Denver Film Festival: Dearest


Qin ai de
Peter Chan Ho-Sun - 2014
Versatile Films

I surely can't be the only one who has noticed that independently and probably unknown in a couple of cases, filmmakers have made at least four new films dealing with parents searching for missing children. Two of these films are part of the current line-up at this year's Denver Film Festival. I wrote about The World of Kanako. The other two films I'm aware of are the U.S. indie, Reed Morano's Meadowland, and another Chinese film, Lost and Love starring Andy Lau.

Based on true events, Peter Chan's film is initial about the divorced parents search for their three year old son who was abducted on the streets of Shenzhen, China. The search and rescue of the boy is only part of the story, the first half of the film. What Chan examines are not only the unexpected consequences when the son is found three years later, but also some of the unintended effects of mainland China's one child policy. Additionally, issue of class and the use of dialect, with the official policy of having everyone speak standard Mandarin, are also touched on.

The film open with Wenjun, who runs a small, shabby cyber cafe in a side street, tinkering with the tangle of wires above the street. The internet and electric wires provides a visual metaphor for a story about human connections, bonded and severed. Wenjun's ex-wife, Xiaojuan has the upscale job, along with a car and a new husband, but Wenjun is the one awarded child custody. Out in the streets with friends about the same age, the son, known as Pengpeng, spots his mother's car and chases after it. We see a quick glimpse of someone picking up the small boy from a distance.

The search takes Wenjun to different parts of China, dealing with people who claim to know the whereabouts of Pengpeng.

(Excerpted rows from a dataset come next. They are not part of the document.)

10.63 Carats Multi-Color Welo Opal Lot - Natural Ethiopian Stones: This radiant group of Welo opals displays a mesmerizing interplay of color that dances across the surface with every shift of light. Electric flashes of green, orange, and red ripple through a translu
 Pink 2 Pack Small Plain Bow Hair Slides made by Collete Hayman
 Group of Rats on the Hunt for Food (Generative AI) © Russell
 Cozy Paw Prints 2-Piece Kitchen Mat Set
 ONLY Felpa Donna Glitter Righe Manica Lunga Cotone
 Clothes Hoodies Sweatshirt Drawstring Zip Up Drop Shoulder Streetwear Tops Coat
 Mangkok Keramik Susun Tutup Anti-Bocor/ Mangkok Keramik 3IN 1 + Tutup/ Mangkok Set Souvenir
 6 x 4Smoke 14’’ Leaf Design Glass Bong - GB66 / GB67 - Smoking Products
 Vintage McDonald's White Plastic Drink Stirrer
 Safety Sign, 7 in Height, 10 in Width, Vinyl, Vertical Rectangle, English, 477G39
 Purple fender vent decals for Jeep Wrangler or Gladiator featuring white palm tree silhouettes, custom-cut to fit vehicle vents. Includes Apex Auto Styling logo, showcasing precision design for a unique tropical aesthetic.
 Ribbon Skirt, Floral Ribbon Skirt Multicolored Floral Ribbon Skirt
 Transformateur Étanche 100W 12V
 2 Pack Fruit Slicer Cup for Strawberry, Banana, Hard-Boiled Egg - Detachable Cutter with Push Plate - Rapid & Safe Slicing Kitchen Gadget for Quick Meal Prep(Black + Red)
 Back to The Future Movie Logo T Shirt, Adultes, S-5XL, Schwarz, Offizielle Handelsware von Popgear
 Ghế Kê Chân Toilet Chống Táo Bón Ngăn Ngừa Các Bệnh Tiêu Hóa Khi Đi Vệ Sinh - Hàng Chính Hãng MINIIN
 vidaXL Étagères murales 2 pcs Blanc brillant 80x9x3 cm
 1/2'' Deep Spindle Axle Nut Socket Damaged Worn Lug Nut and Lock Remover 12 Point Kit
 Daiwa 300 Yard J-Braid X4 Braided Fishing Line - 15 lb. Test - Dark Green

It is during this earlier part of the film that there is greater use of hand-held cinematography, emphasizing Wenjun's travels to unfamiliar places in his attempt to find his son, or at least get answers.

After a trio of star vehicles designed for pan-Asian appeal, Peter Chan has been making films that are more specifically Chinese with this film and his previous American Dreams in China. Top billed Vickie Zhao Wei has more of a supporting role as the widow of man known to have abducted children. Zhao is almost unrecognizable here as a naive, perhaps intellectually impaired, woman who learns too late about the true nature of her husband. Zhao won several Best Actress awards for her performance here.

The film ends with a gathering of the main cast members with their real life counterparts, as well as titles providing additional narrative closure. Only the most hard-hearted will not be touched by the little girl, often seen by herself, who plays Pengpeng's adopted little sister.